* [EXERCISE REQUIREMENTS] Print every entry exactly as written and exclude all images.

:: EXTRACTED MATERIAL ::

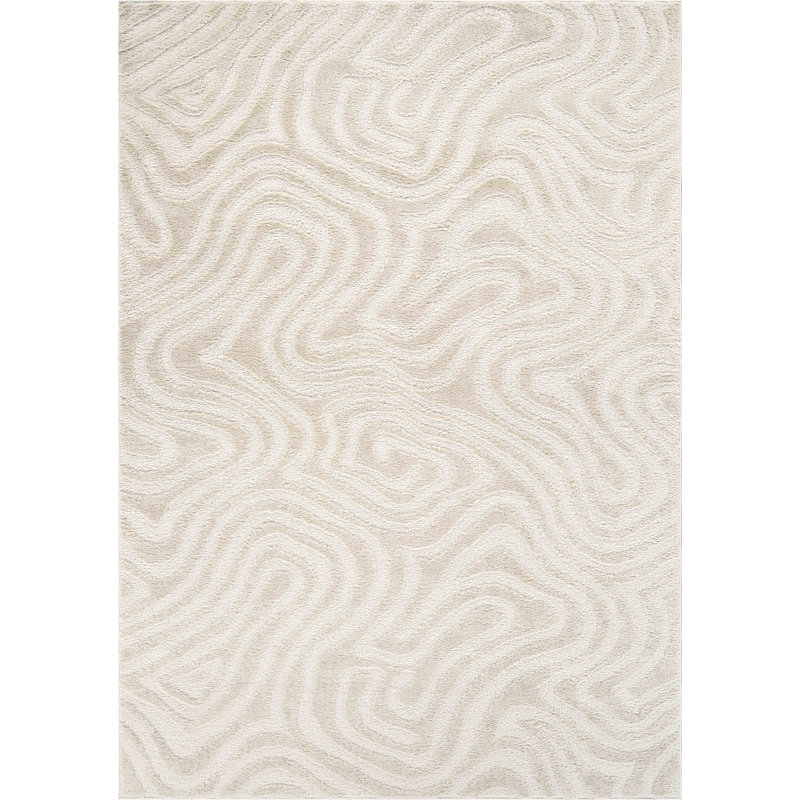 Abani Rugs NOM220A Sculpted Swirl Cream Area Rug, Rectangle 5'3" x 7'7"
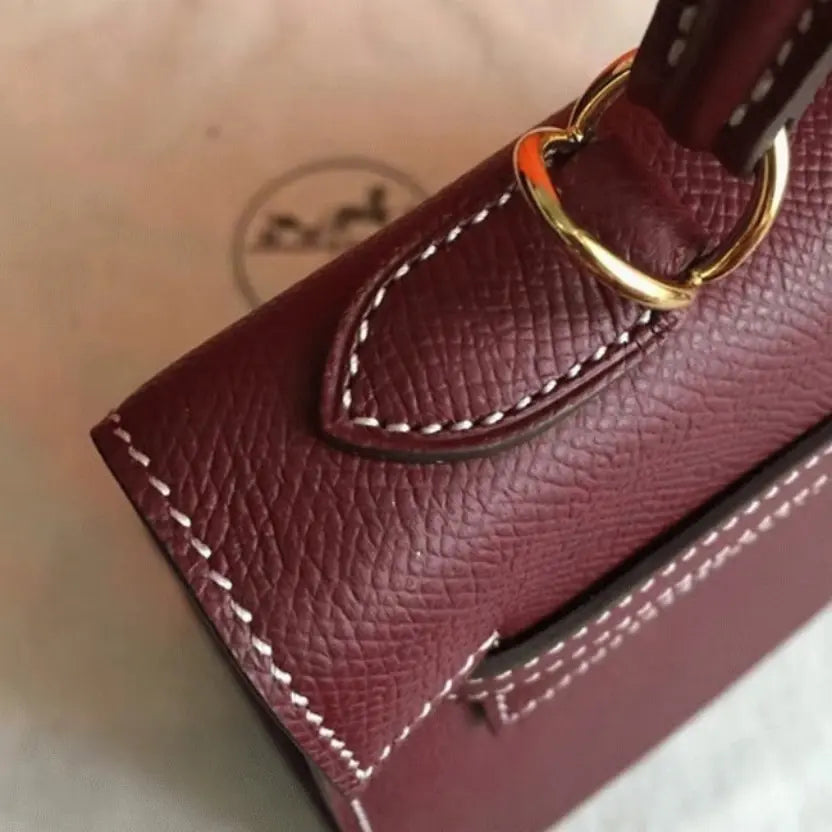 Boutique Quality || Bordeaux Epsom Hermes Kelly 25cm Elegant Purse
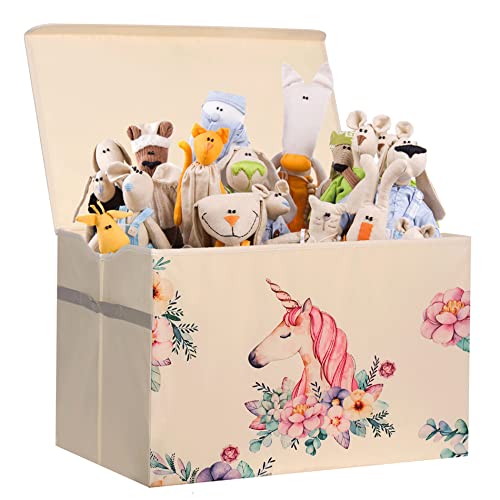 Yosayd Unicorn Toy Bex and Storage, Cubo de armazenamento de caixa de brinquedos grandes e funcionais com alças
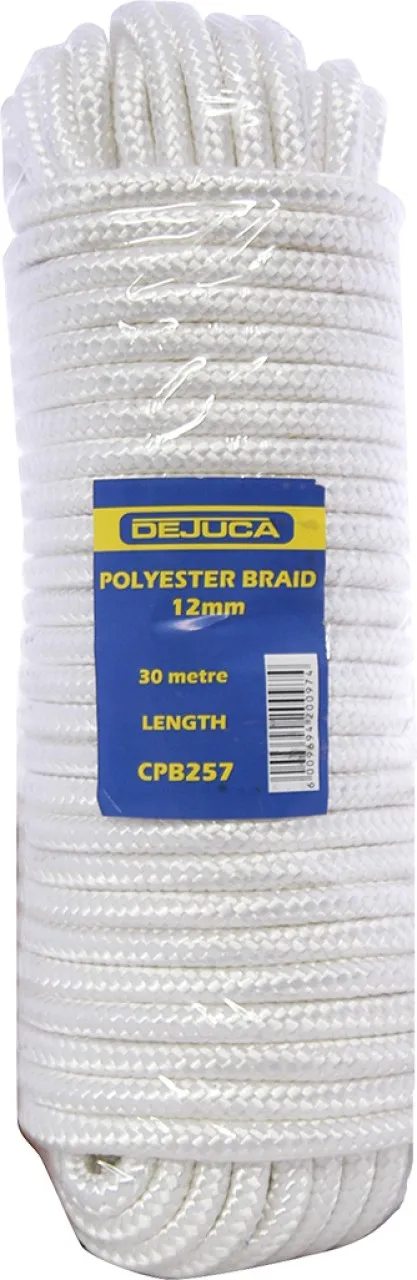 Dejuca Polyester Braid - 12mm X 30m - (hank) Braided Rope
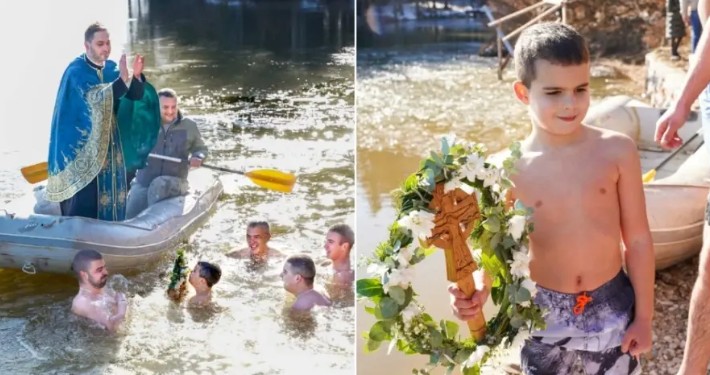 Vjera i hrabrost dolaze u prvi plan: Mali Vuk (7) u zaleđenom jezeru stigao prvi do krsta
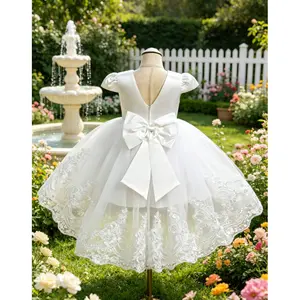 Cute And Sweet Style Mid-Length Bow Tie Dress with Covered Sleeves, Sequin Patchwork Embroidered Dress, Short Front And Long Back Design Suitable for Birthdays, Parties, Weddings, Performances, Beauty Pageants, Hosting Performances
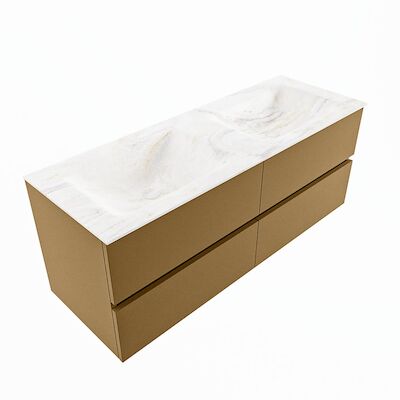 MONDIAZ VICA-DLUX 130cm badmeubel onderkast Oro 4 lades. Inbouw wastafel CLOUD dubbel zonder kraangat, kleur Ostra, en spiegel model SPOT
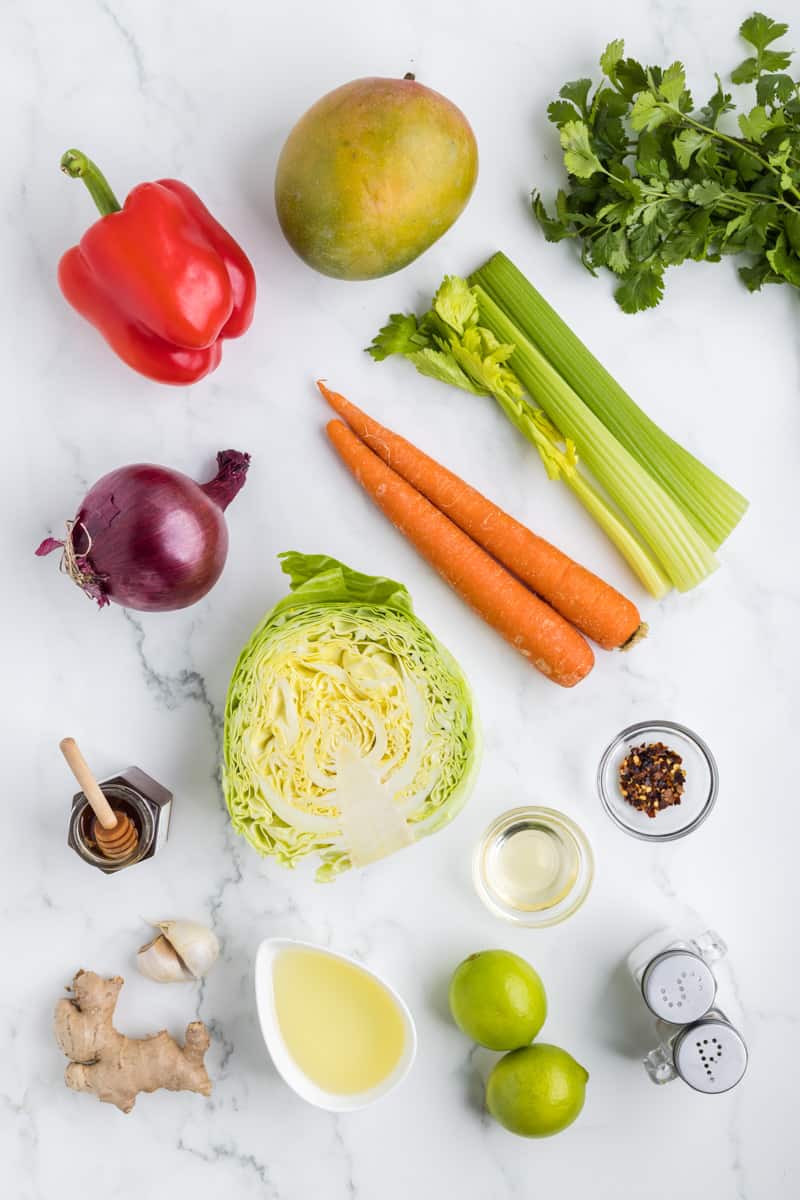 Mango slaw and mango dressing ingredients.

:::

* [THE ANSWER]
 Abani Rugs NOM220A Sculpted Swirl Cream Area Rug, Rectangle 5'3" x 7'7"
 Boutique Quality || Bordeaux Epsom Hermes Kelly 25cm Elegant Purse
 Yosayd Unicorn Toy Bex and Storage, Cubo de armazenamento de caixa de brinquedos grandes e funcionais com alças
 Dejuca Polyester Braid - 12mm X 30m - (hank) Braided Rope
 Vjera i hrabrost dolaze u prvi plan: Mali Vuk (7) u zaleđenom jezeru stigao prvi do krsta
 Cute And Sweet Style Mid-Length Bow Tie Dress with Covered Sleeves, Sequin Patchwork Embroidered Dress, Short Front And Long Back Design Suitable for Birthdays, Parties, Weddings, Performances, Beauty Pageants, Hosting Performances
 MONDIAZ VICA-DLUX 130cm badmeubel onderkast Oro 4 lades. Inbouw wastafel CLOUD dubbel zonder kraangat, kleur Ostra, en spiegel model SPOT
 Mango slaw and mango dressing ingredients.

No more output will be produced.